L’opposé de la relation de sujet à objet est la relation de sujet à sujet, où l’on attribue à l’autre un statut de sujet et donc une forme d’intériorité, où l’on tient compte de ses intérêts, de sa situation, de son point de vue, de son existence en tant que créature vivante. C’est le mode de relation que l’on a généralement avec son animal domestique, que beaucoup de petits éleveurs entretiennent avec leurs bêtes. C’est aussi, ponctuellement, le mode de relation que l’on engage avec son ordinateur portable lorsqu’on l’insulte et qu’on se demande comment se venger de lui. Ce sont deux attitudes psychologiques distinctes, qui ne mobilisent pas les mêmes facultés et entre lesquelles on peut facilement osciller, y compris lorsqu’on est face à un autre humain. Un SDF que l’on enjambe dans le métro est spontanément considéré comme un objet, mais il suffit parfois de croiser son regard pour se sentir d’un coup à sa place et le voir comme un sujet.

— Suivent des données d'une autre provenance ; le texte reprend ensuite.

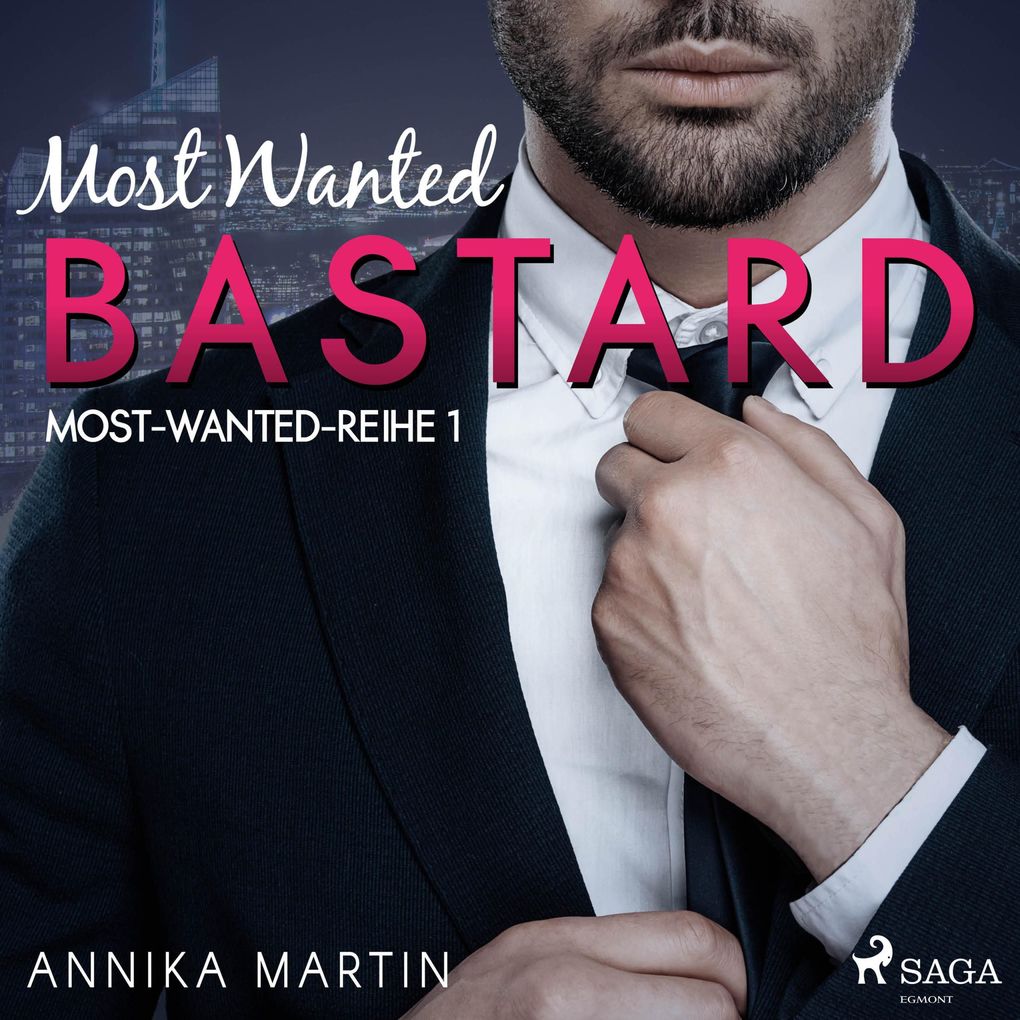 Produktbild: Most Wanted Bastard (MostWantedReihe 1) | Annika Martin
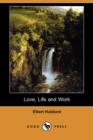 Image for Love, Life and Work (Dodo Press)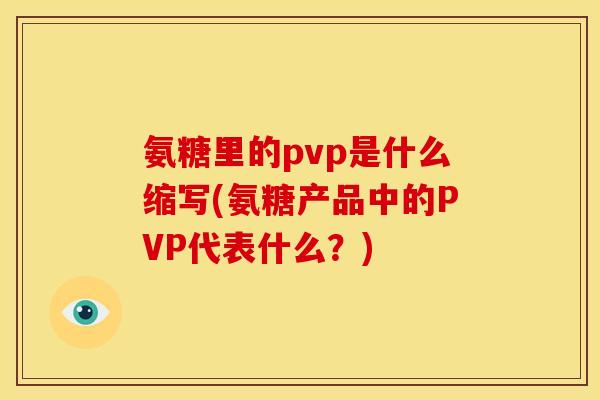 氨糖里的pvp是什么缩写(氨糖产品中的PVP代表什么?) 氨糖里的pvp是什么缩写(氨糖产品中的PVP代表什么?)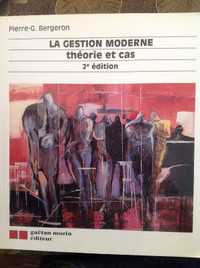La Gestion Moderne théorie et cas 2e ed. Pierre-G Bergeron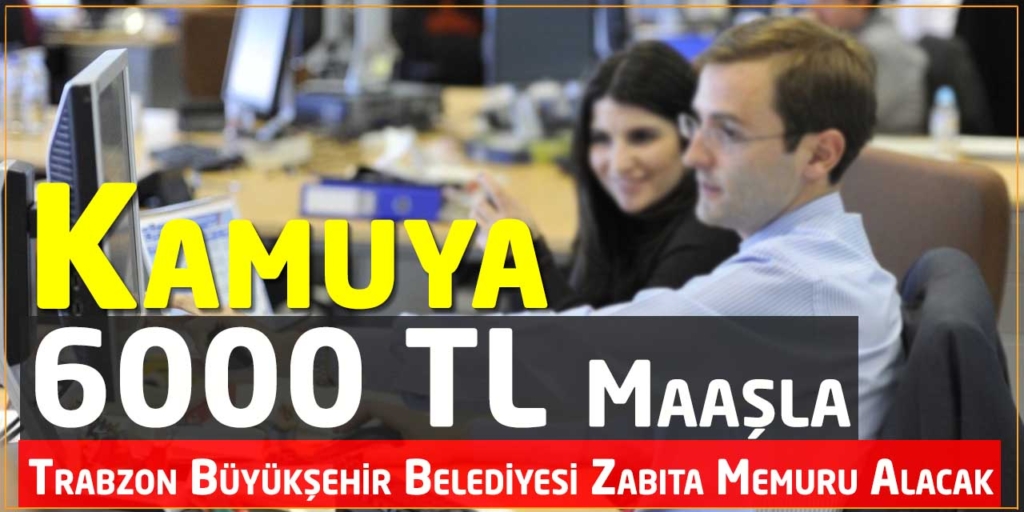 Trabzon Büyükşehir Belediyesi 6000 TL Maaş Zabıta Memuru Alımları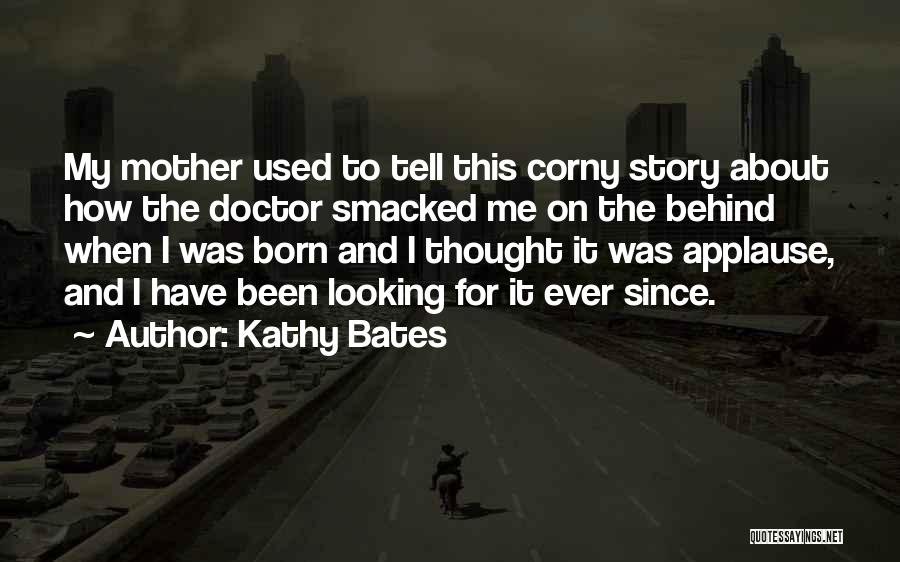 Malbranc Quotes By Kathy Bates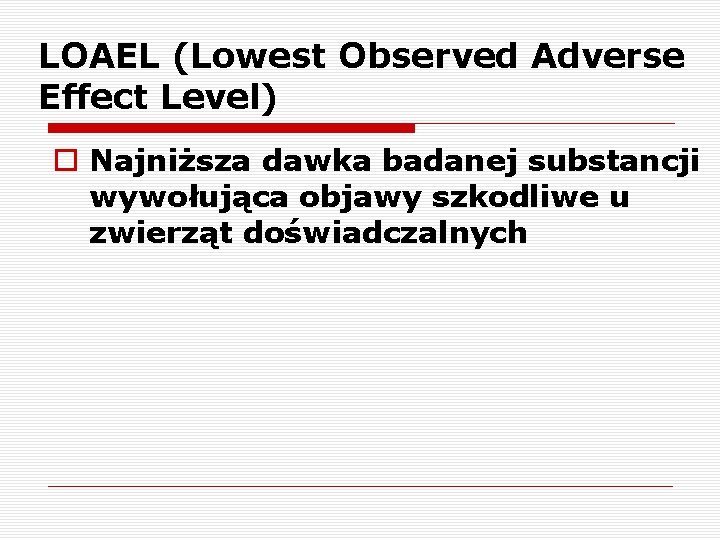 LOAEL (Lowest Observed Adverse Effect Level) o Najniższa dawka badanej substancji wywołująca objawy szkodliwe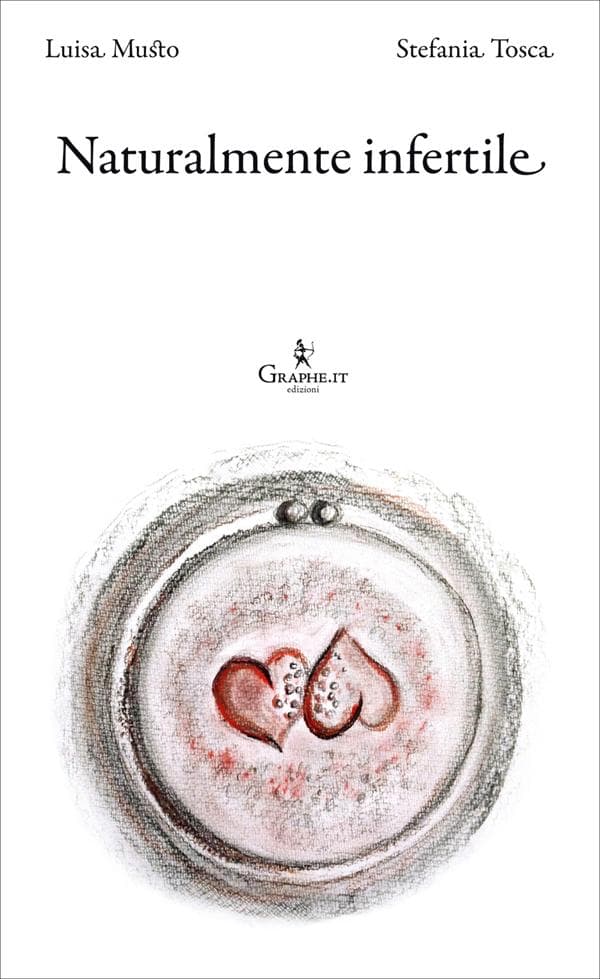 Naturalmente infertile. Storie di strade e di sogni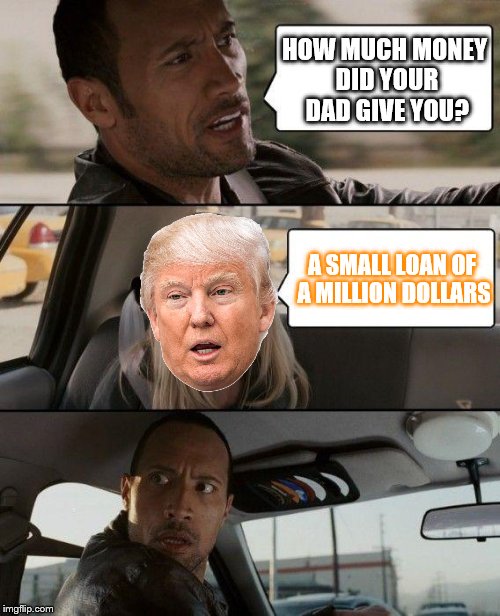 Small Loan of a Million Dollars | HOW MUCH MONEY DID YOUR DAD GIVE YOU? A SMALL LOAN OF A MILLION DOLLARS | image tagged in memes,the rock driving,donald trump | made w/ Imgflip meme maker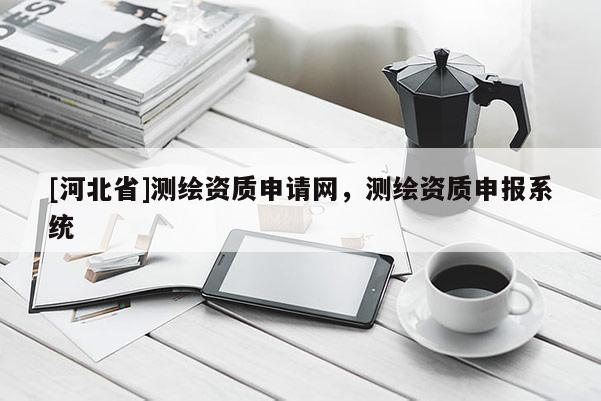 [河北省]測繪資質(zhì)申請網(wǎng)，測繪資質(zhì)申報(bào)系統(tǒng)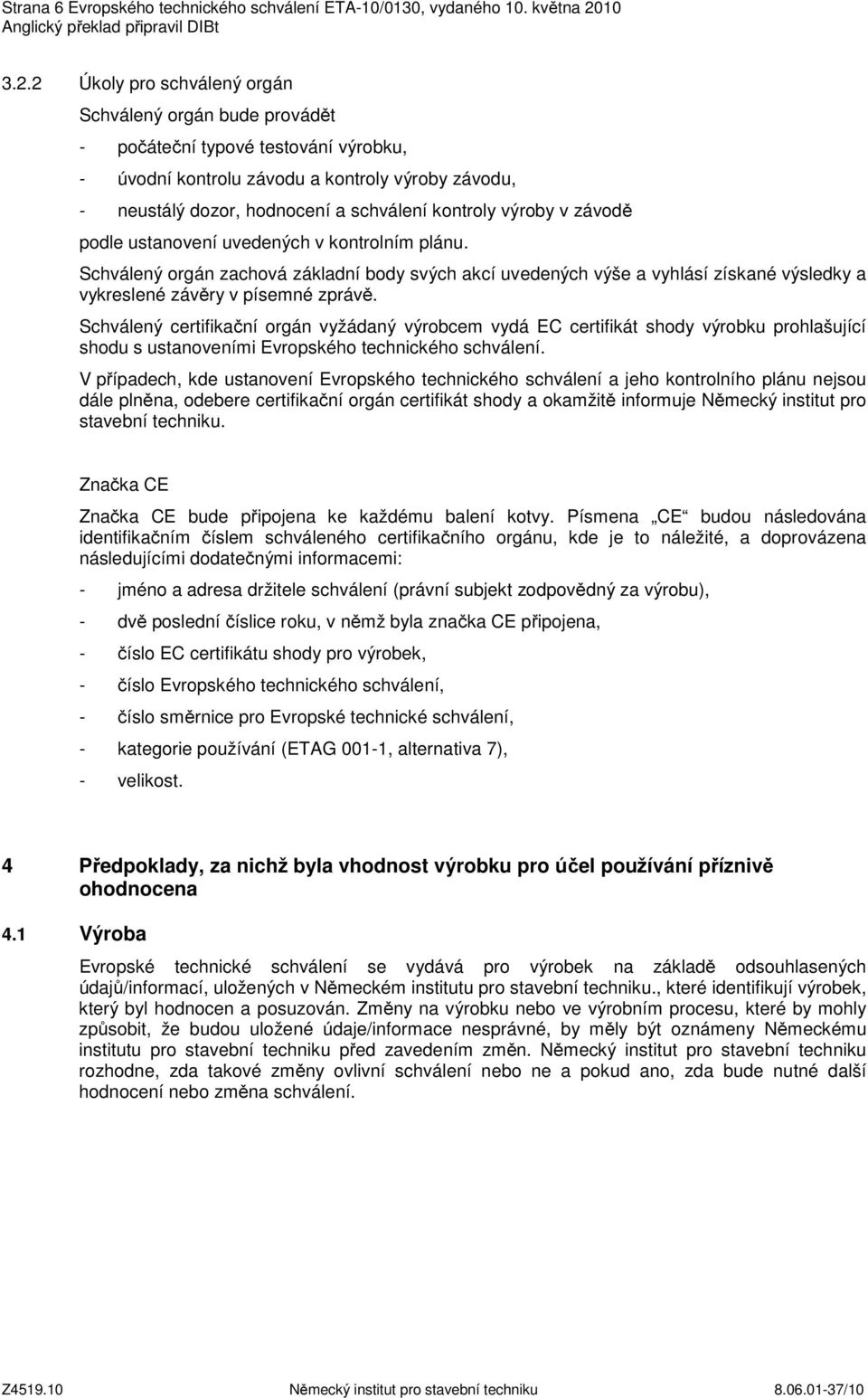 2 Úkoly pro schválený orgán Schválený orgán bude provádět - počáteční typové testování výrobku, - úvodní kontrolu závodu a kontroly výroby závodu, - neustálý dozor, hodnocení a schválení kontroly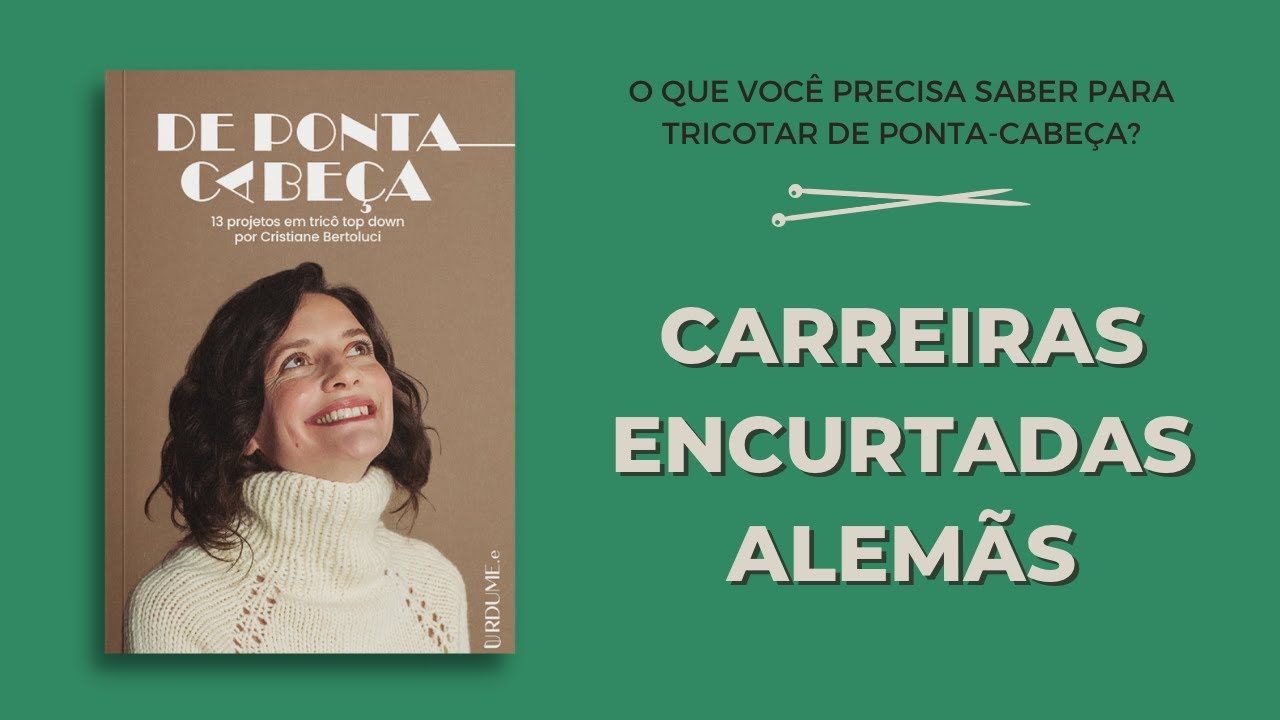 De Ponta Cabeça #23 - Carreiras Encurtadas Alemãs para Tricô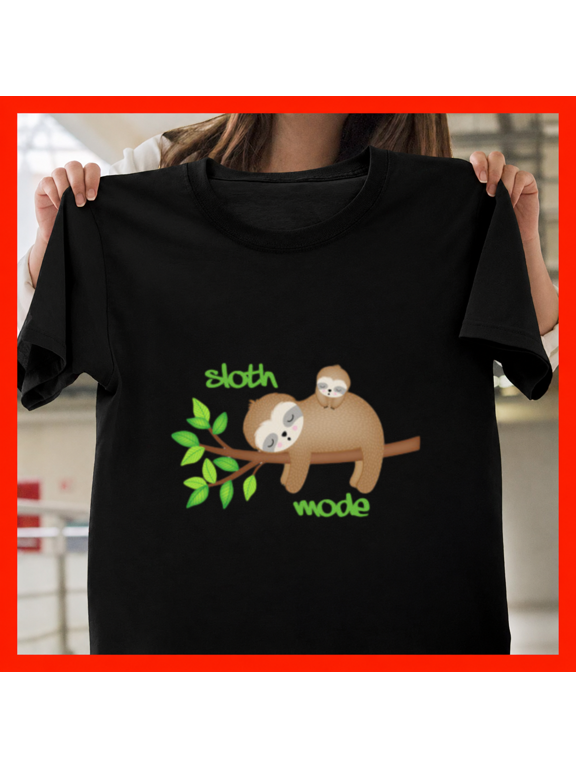 Cute Funny Sleepy Sloth Mode Exhausted Tired Animal Chill Unisex T-Shirt, up to size 5XL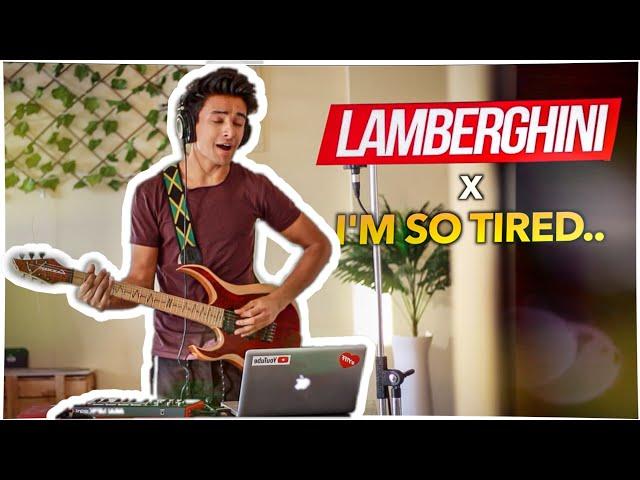 Lamberghini x I'm so tired... (Mashup by Aksh Baghla)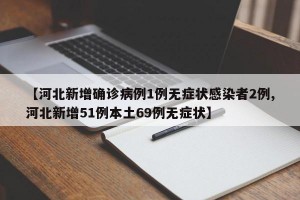 【河北新增确诊病例1例无症状感染者2例,河北新增51例本土69例无症状】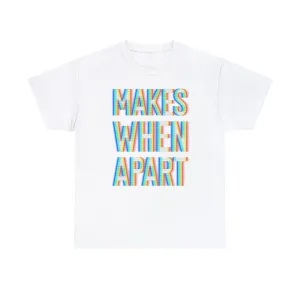 Make When Apart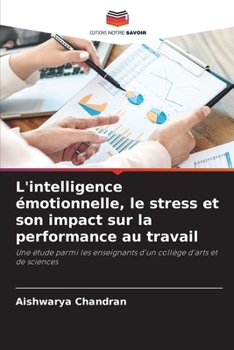 Paperback L'intelligence émotionnelle, le stress et son impact sur la performance au travail [French] Book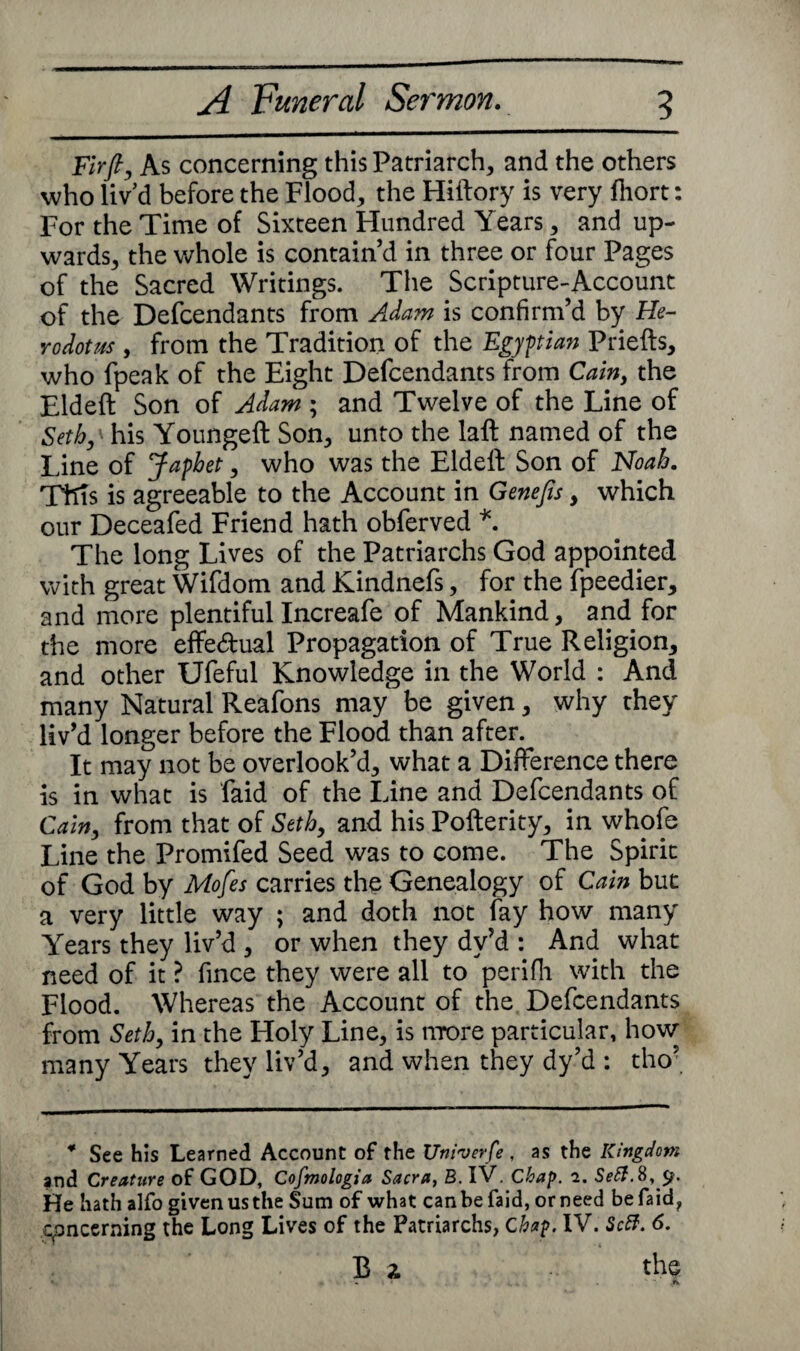 Fir fly As concerning this Patriarch, and the others who liv’d before the Flood, the Hiftory is very fliort: For the Time of Sixteen Hundred Years, and up¬ wards, the whole is contain’d in three or four Pages of the Sacred Writings. The Scripture-Account of the Defcendants from Adam is confirm’d by He¬ rodotus , from the Tradition of the Egyptian Priefts, who fpeak of the Eight Defcendants from Cain, the Eldeft Son of Adam ; and Twelve of the Line of Setby his Youngeft Son, unto the laft named of the Line of Japbet, who was the Eldeft Son of Noah. This is agreeable to the Account in Genefis , which our Deceafed Friend hath obferved *. The long Lives of the Patriarchs God appointed with great Wifdom and Kindnefs, for the fpeedier, and more plentiful Increafe of Mankind, and for the more effectual Propagation of True Religion, and other Ufeful Knowledge in the World : And many Natural Reafons may be given, why they liv’d longer before the Flood than after. It may not be overlook’d, what a Difference there is in what is faid of the Line and Defcendants of Cain, from that of Seth, and his Pofterity, in whofe Line the Promifed Seed was to come. The Spirit of God by Mofes carries the Genealogy of Cain but a very little way ; and doth not fay how many Years they liv’d , or when they dv’d : And what need of it ? fince they were all to perifli with the Flood. Whereas the Account of the Defcendants from Setb, in the Holy Line, is more particular, how many Years they liv’d, and when they dy’d : tho’ * See his Learned Account of the Univerfe , as the Kingdom and Creature of GOD, Cofmologia Sacra, B. IV. Chap. 2. Sett.8, 5?. He hath alfo given us the Sum of what can be faid, or need be faid, concerning the Long Lives of the Patriarchs, Chap. IV. Sett. 6. Bi the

Le point important, c’est que dans l’Occident moderne, c’est la relation de sujet à objet qui façonne le rapport au monde dominant, les normes sociales, les institutions, etc. (y compris, d’ailleurs, de plus en plus souvent entre humains, comme l’illustre la notion de « ressources humaines »).
En Amazonie et, j’y reviendrai, sur une ZAD, c’est au contraire la relation de sujet à sujet avec les non-humains qui est la plus spontanée et qui façonne le rapport au monde du groupe et ses normes sociales. Pour les Indiens d’Amazonie et d’Amérique du Nord, plantes et animaux sont réellement vus comme des personnes, dont la vie sociale est régie par des conventions analogues à celles en vigueur chez les humains. La différence entre humains et non-humains ne tient qu’à leurs spécificités corporelles respectives – c’est l’ « animisme », tel que défini par Descola. L’animisme est la forme extrême d’un rapport au monde où les non-humains sont spontanément considérés comme des sujets, mais heureusement ça n’est pas la seule. Il n’est pas nécessaire de voir les non-humains comme des personnes pour leur attribuer un statut de sujet, pour les voir comme autre chose que des marchandises ou des objets utilitaires.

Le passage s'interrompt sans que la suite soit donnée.